Autor(es): Por Ana Paula Ragazzi | Do Rio
Valor Econômico - 24/05/2013
A CPFL Energias Renováveis retomou os planos para sua oferta pública inicial de ações. A operação deverá movimentar entre R$ 500 milhões e R$ 800 milhões. O Valor apurou que o BTG Pactual, um dos coordenadores da oferta, dará garantia firme de colocação. Essa garantia é necessária porque sócios da Ersa, uma das criadoras da CPFL Renováveis, têm um preço mínimo para a concretização da operação, abaixo do qual poderiam vetar a concretização da distribuição, conforme antecipou ontem o Valor PRO.

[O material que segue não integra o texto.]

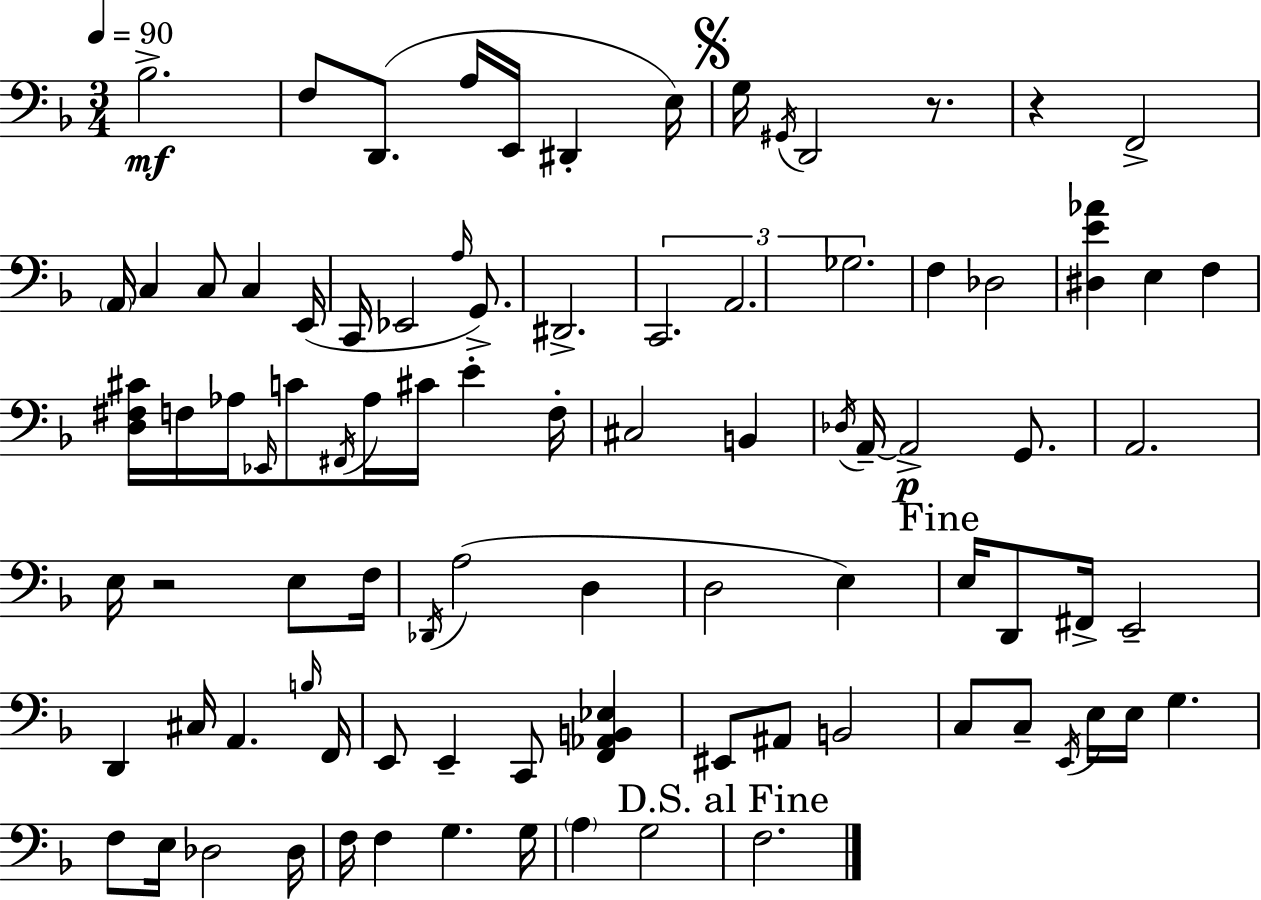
Bb3/h. F3/e D2/e. A3/s E2/s D#2/q E3/s G3/s G#2/s D2/h R/e. R/q F2/h A2/s C3/q C3/e C3/q E2/s C2/s Eb2/h A3/s G2/e. D#2/h. C2/h. A2/h. Gb3/h. F3/q Db3/h [D#3,E4,Ab4]/q E3/q F3/q [D3,F#3,C#4]/s F3/s Ab3/s Eb2/s C4/e F#2/s Ab3/s C#4/s E4/q F3/s C#3/h B2/q Db3/s A2/s A2/h G2/e. A2/h. E3/s R/h E3/e F3/s Db2/s A3/h D3/q D3/h E3/q E3/s D2/e F#2/s E2/h D2/q C#3/s A2/q. B3/s F2/s E2/e E2/q C2/e [F2,Ab2,B2,Eb3]/q EIS2/e A#2/e B2/h C3/e C3/e E2/s E3/s E3/s G3/q. F3/e E3/s Db3/h Db3/s F3/s F3/q G3/q. G3/s A3/q G3/h F3/h.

Procurado, o BTG não deu entrevista. A minuta do prospecto da oferta informa que a garantia firme ocorrerá se não houver demanda do mercado pela totalidade dos papéis. Se for exercida, o preço das ações na oferta será no mínimo da faixa sugerida. O prospecto esclarece ainda que o prestador de garantia poderá revender as ações até a data do encerramento da oferta por preço não superior ao definido na operação. Após o encerramento, as vendas poderão ser a preço de mercado.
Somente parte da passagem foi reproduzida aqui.